» **What to work on**
A verbatim copy is needed of the lines below from the one containing "Zapatillas de montaña" up to and including the one containing "15794351 - صورة العقار 3", excluding pictures.

» **Information**
§ §
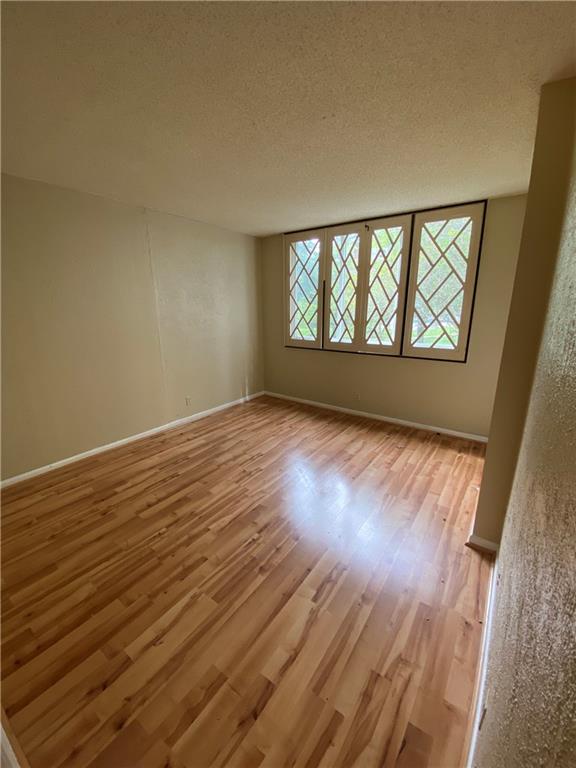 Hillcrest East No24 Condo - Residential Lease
§ §
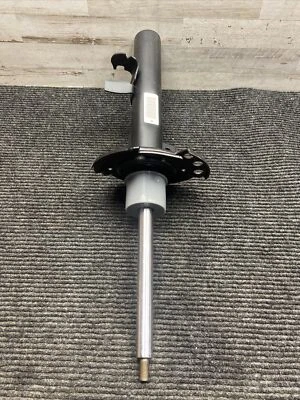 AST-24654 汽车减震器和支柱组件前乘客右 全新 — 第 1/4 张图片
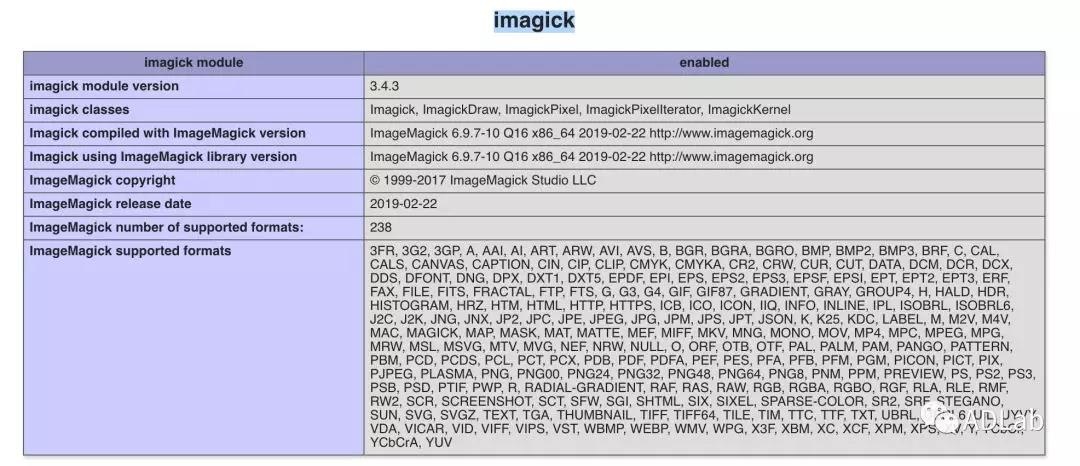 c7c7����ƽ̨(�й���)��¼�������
§ §
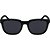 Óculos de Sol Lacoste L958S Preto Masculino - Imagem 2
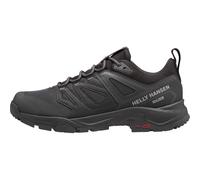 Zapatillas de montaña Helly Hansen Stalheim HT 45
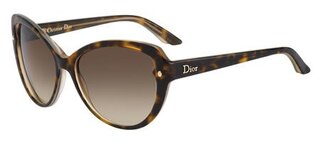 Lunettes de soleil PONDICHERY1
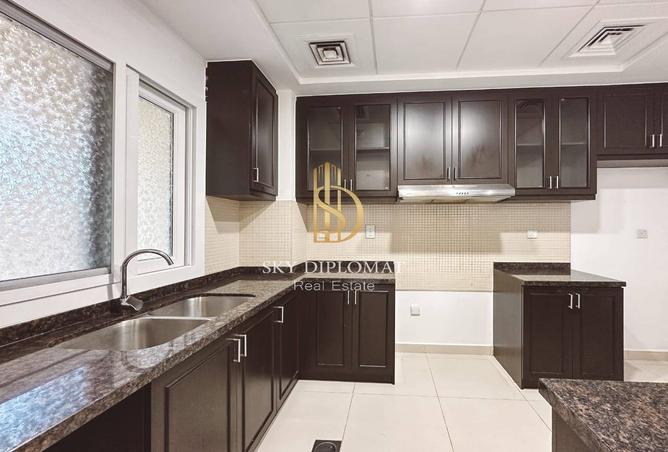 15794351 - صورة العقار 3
§ §
» **Result for this exercise**
 Zapatillas de montaña Helly Hansen Stalheim HT 45
 Lunettes de soleil PONDICHERY1
 15794351 - صورة العقار 3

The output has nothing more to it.